Please, without the pictures, restate every entry exactly.
--- Information shown Enclosed Below ---
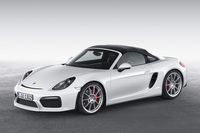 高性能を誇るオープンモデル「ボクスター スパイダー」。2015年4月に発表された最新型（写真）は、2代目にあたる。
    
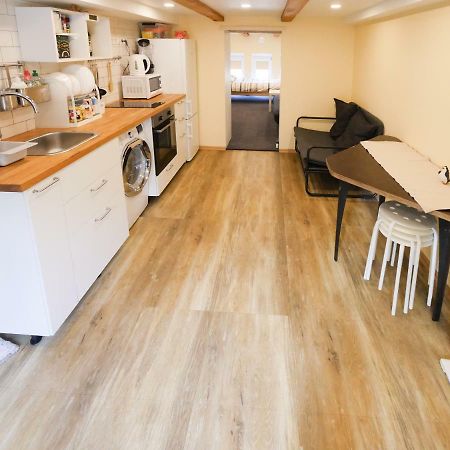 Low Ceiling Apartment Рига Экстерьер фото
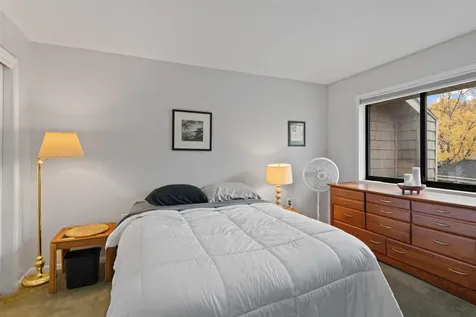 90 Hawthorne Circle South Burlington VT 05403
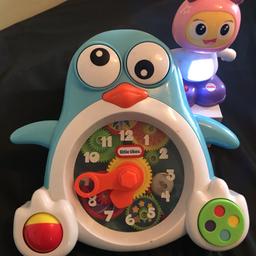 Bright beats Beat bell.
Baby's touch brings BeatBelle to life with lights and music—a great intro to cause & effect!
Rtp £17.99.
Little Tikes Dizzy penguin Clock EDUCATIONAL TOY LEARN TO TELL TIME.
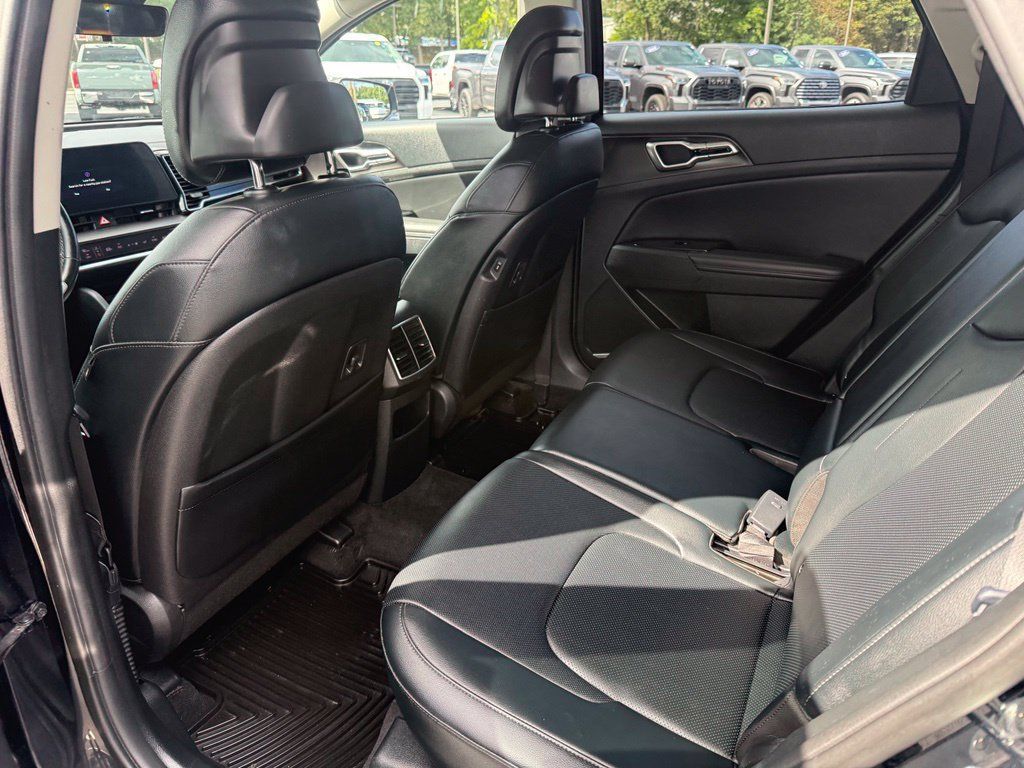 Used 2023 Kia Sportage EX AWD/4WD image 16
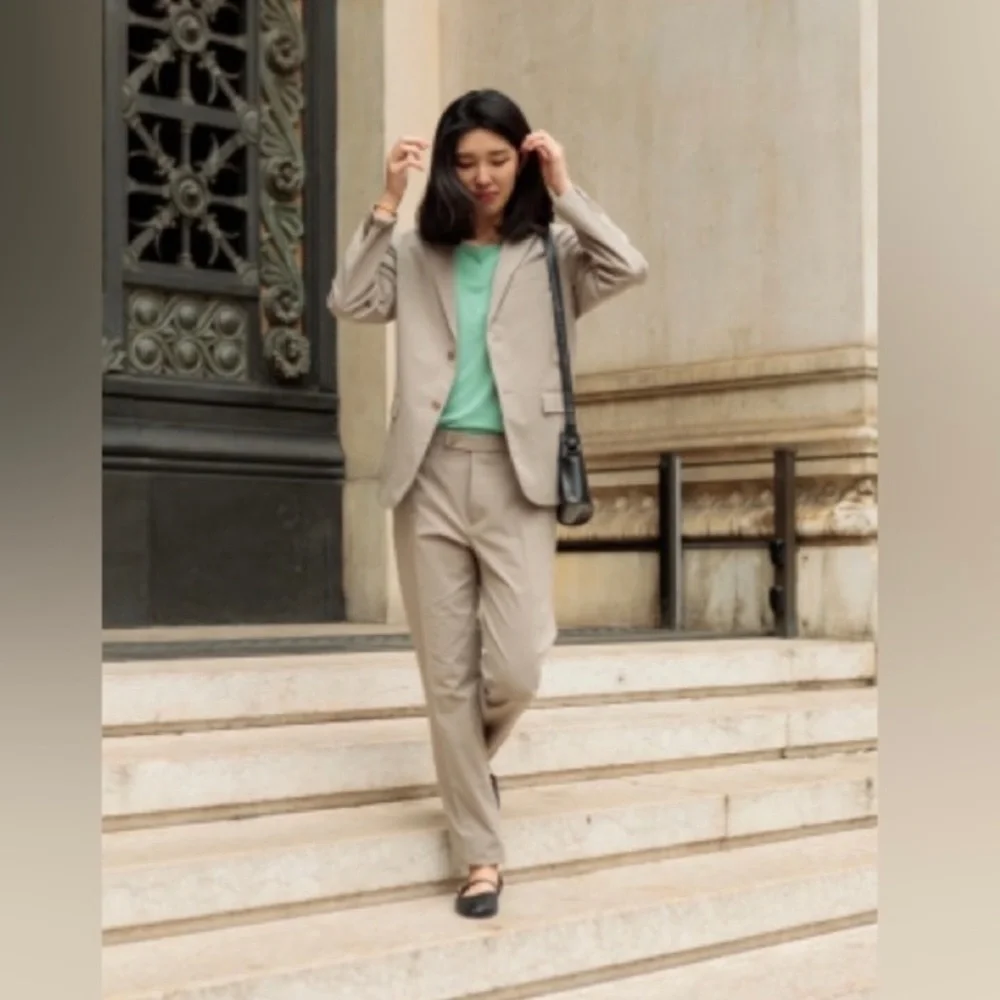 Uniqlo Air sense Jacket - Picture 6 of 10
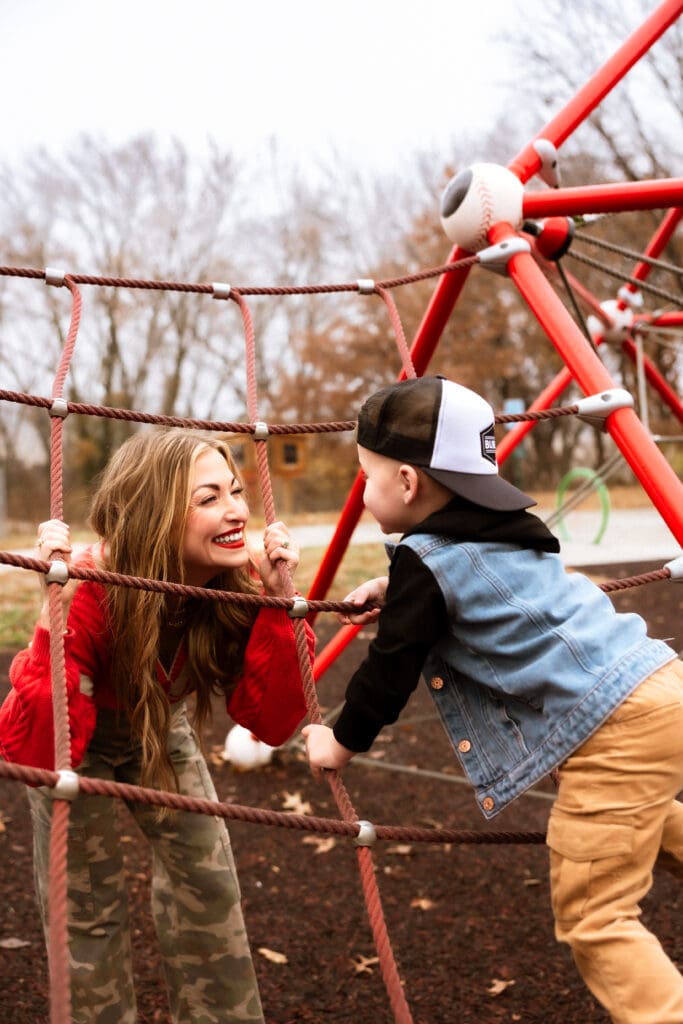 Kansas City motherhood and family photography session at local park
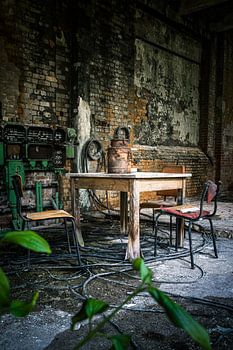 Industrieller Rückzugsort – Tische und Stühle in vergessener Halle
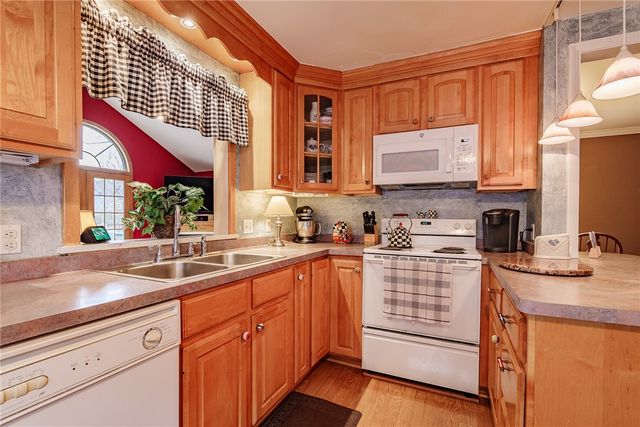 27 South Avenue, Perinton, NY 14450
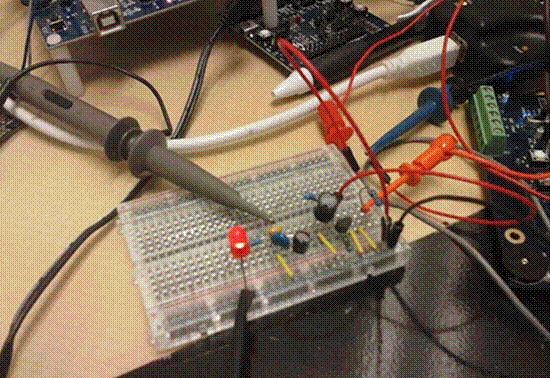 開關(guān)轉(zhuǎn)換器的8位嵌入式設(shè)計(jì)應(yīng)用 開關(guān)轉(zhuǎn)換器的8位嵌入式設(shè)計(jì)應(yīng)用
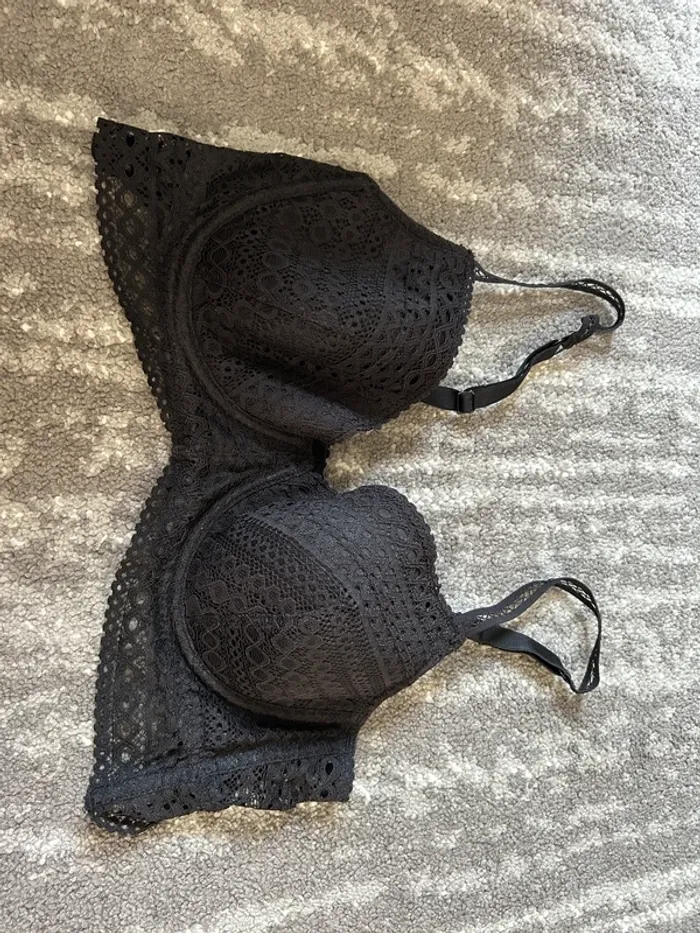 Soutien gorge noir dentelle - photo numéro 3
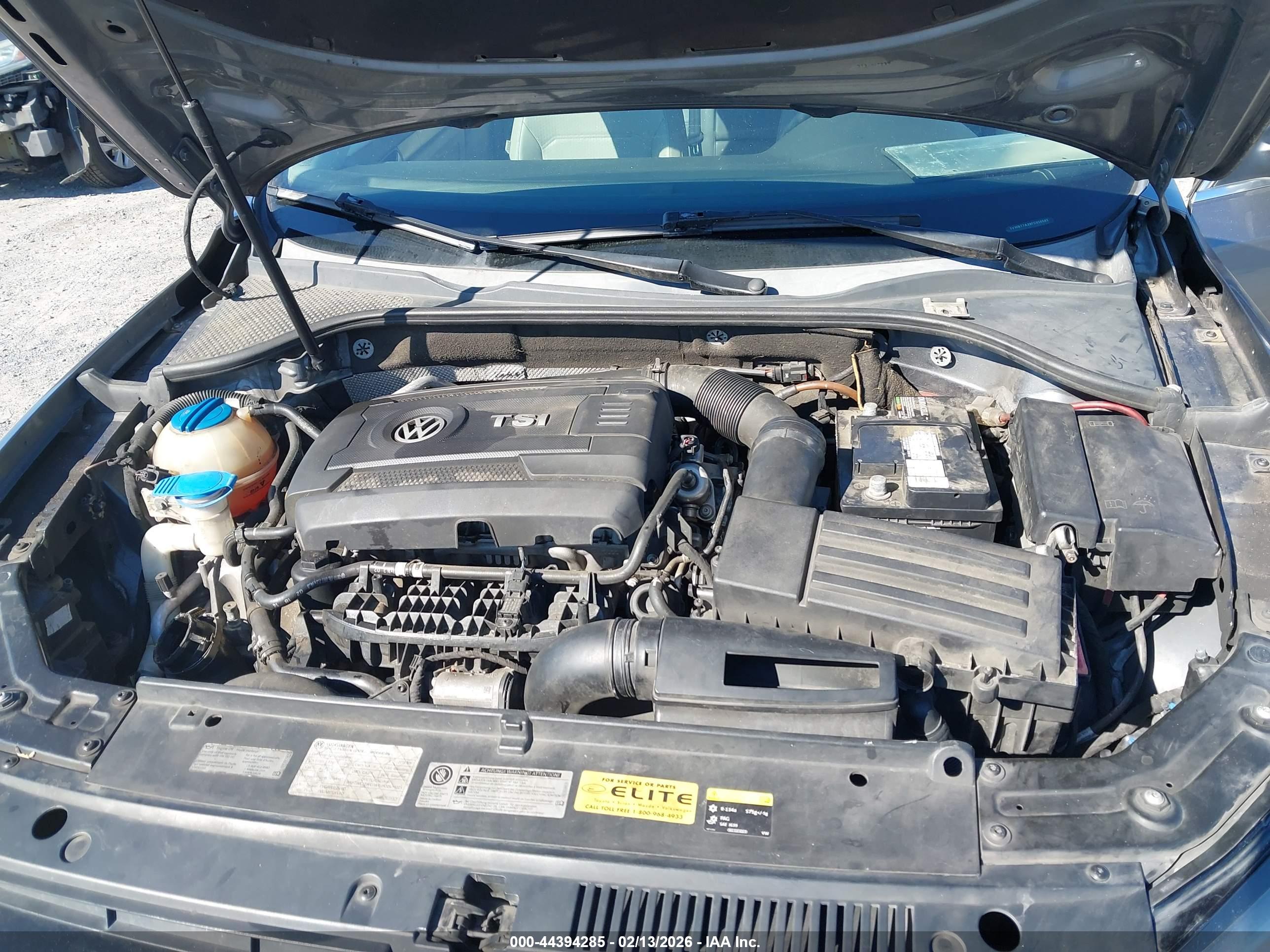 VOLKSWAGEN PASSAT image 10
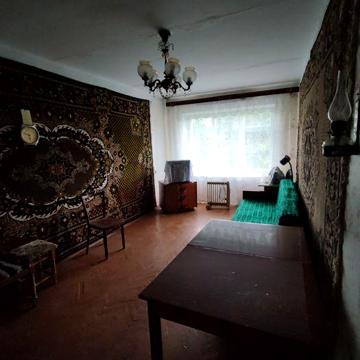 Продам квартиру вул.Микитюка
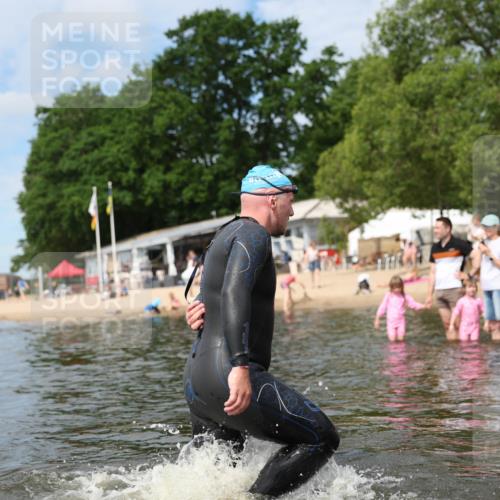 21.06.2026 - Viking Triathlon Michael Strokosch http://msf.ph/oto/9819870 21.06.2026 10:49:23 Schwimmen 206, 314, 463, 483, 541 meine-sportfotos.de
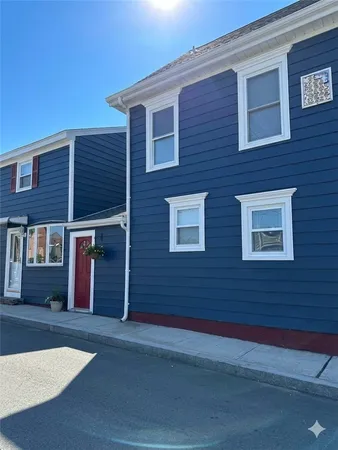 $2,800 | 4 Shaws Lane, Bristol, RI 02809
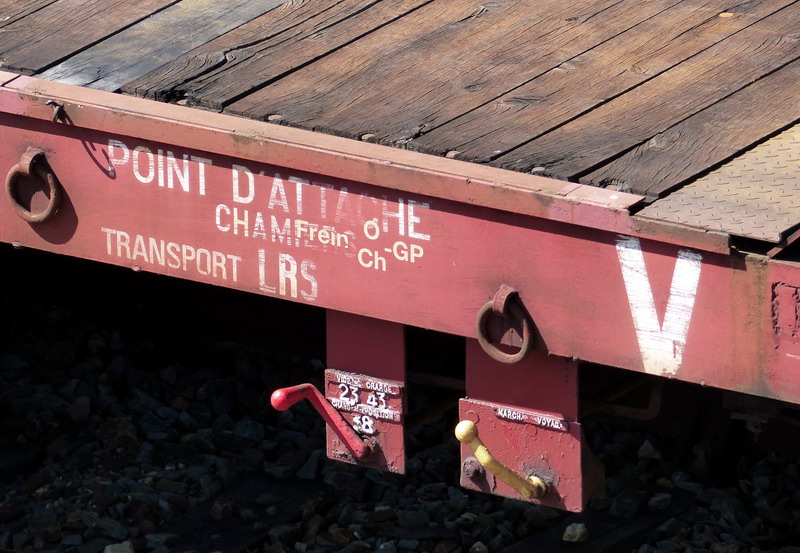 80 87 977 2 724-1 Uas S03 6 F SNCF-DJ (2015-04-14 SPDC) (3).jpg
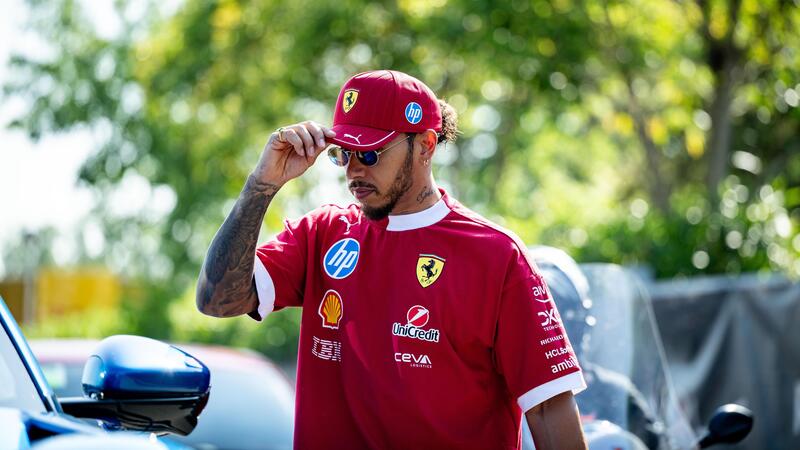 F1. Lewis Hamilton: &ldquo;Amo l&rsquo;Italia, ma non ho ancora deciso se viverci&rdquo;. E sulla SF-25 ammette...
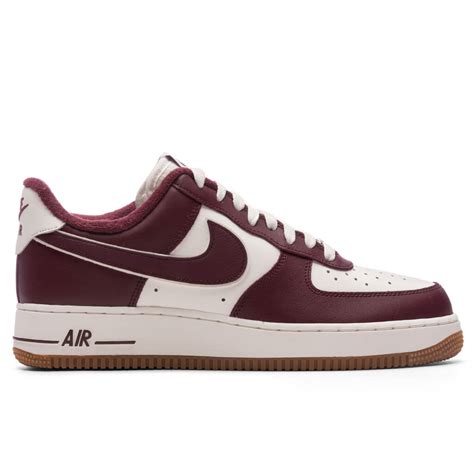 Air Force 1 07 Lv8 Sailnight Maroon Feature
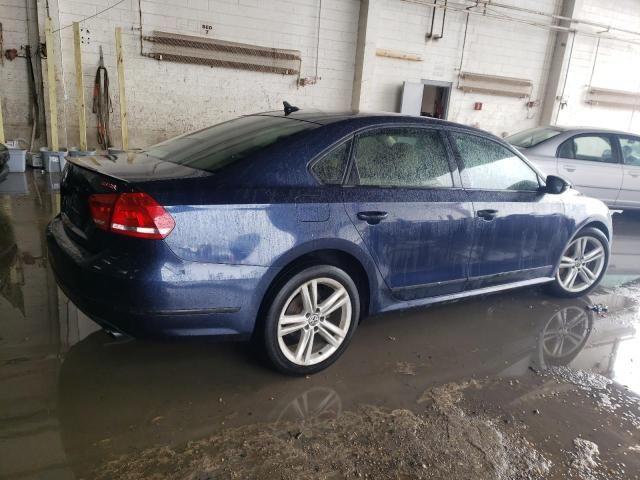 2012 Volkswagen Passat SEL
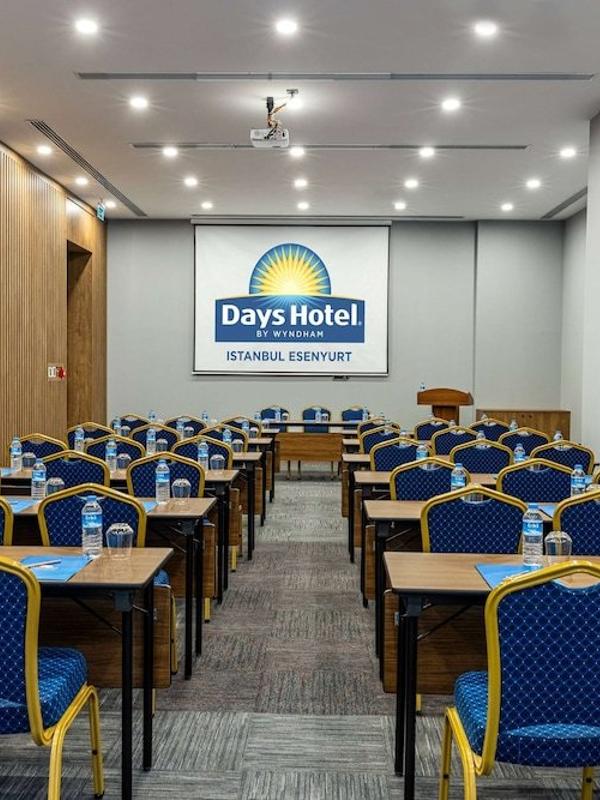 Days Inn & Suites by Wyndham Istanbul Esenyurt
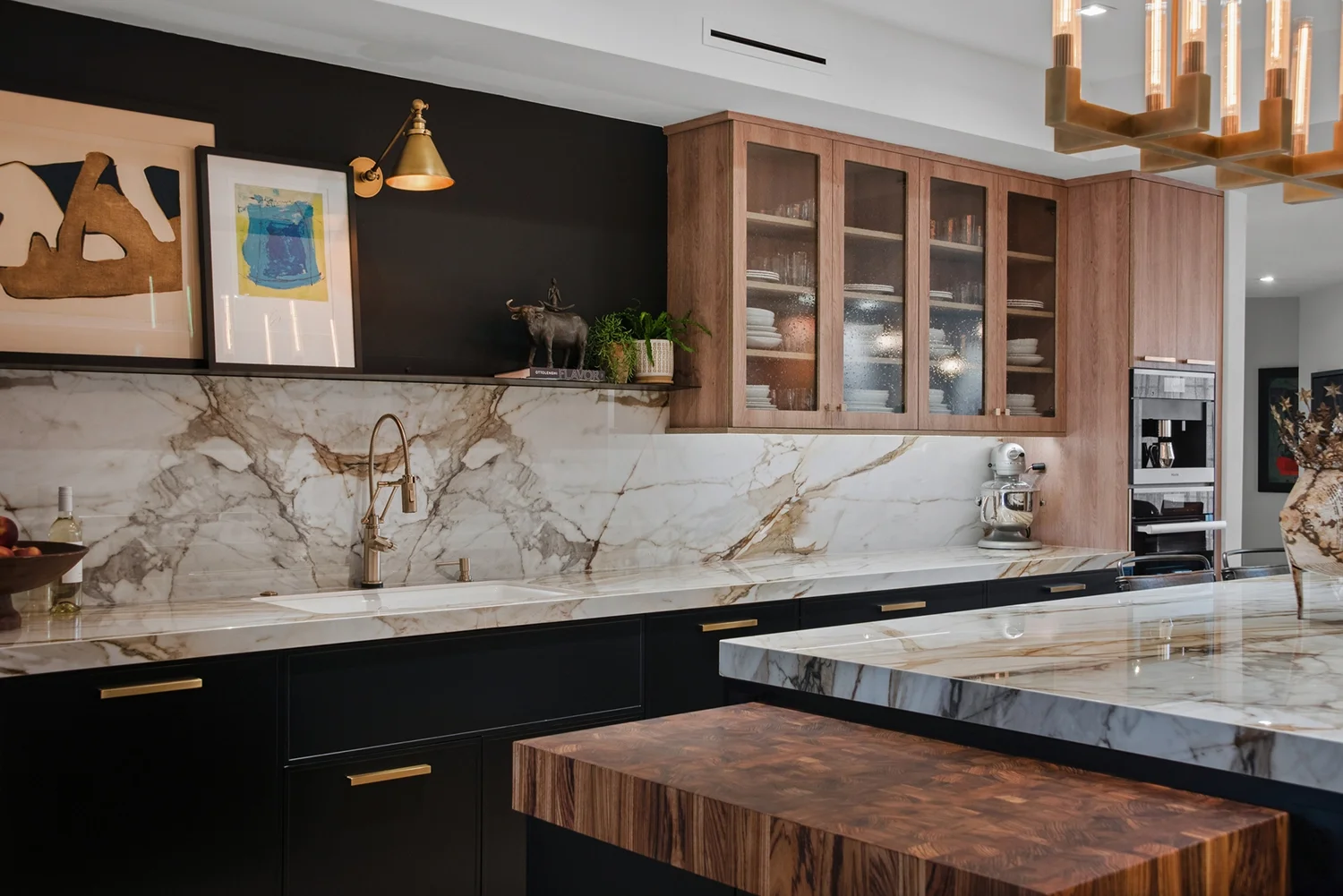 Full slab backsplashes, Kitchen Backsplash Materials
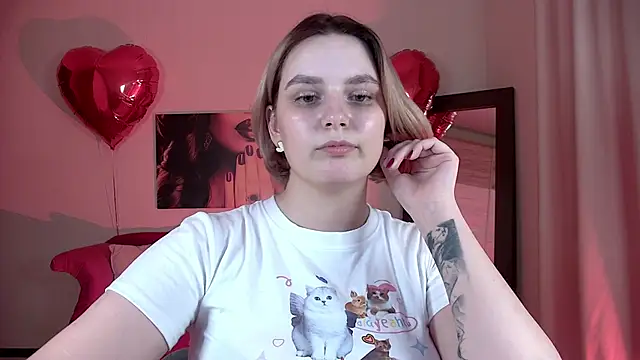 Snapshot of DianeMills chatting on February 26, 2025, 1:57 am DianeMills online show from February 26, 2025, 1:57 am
--- End of Enclosed Information shown ---
■ Answer to this problem ■
 高性能を誇るオープンモデル「ボクスター スパイダー」。2015年4月に発表された最新型（写真）は、2代目にあたる。
    
 Low Ceiling Apartment Рига Экстерьер фото
 90 Hawthorne Circle South Burlington VT 05403
 Bright beats Beat bell.
Baby's touch brings BeatBelle to life with lights and music—a great intro to cause & effect!
Rtp £17.99.
Little Tikes Dizzy penguin Clock EDUCATIONAL TOY LEARN TO TELL TIME.
 Used 2023 Kia Sportage EX AWD/4WD image 16
 Uniqlo Air sense Jacket - Picture 6 of 10
 Kansas City motherhood and family photography session at local park
 Industrieller Rückzugsort – Tische und Stühle in vergessener Halle
 27 South Avenue, Perinton, NY 14450
 開關(guān)轉(zhuǎn)換器的8位嵌入式設(shè)計(jì)應(yīng)用 開關(guān)轉(zhuǎn)換器的8位嵌入式設(shè)計(jì)應(yīng)用
 Soutien gorge noir dentelle - photo numéro 3
 VOLKSWAGEN PASSAT image 10
 Продам квартиру вул.Микитюка
 21.06.2026 - Viking Triathlon Michael Strokosch http://msf.ph/oto/9819870 21.06.2026 10:49:23 Schwimmen 206, 314, 463, 483, 541 meine-sportfotos.de
 $2,800 | 4 Shaws Lane, Bristol, RI 02809
 80 87 977 2 724-1 Uas S03 6 F SNCF-DJ (2015-04-14 SPDC) (3).jpg
 F1. Lewis Hamilton: &ldquo;Amo l&rsquo;Italia, ma non ho ancora deciso se viverci&rdquo;. E sulla SF-25 ammette...
 Air Force 1 07 Lv8 Sailnight Maroon Feature
 2012 Volkswagen Passat SEL
 Days Inn & Suites by Wyndham Istanbul Esenyurt
 Full slab backsplashes, Kitchen Backsplash Materials
 Snapshot of DianeMills chatting on February 26, 2025, 1:57 am DianeMills online show from February 26, 2025, 1:57 am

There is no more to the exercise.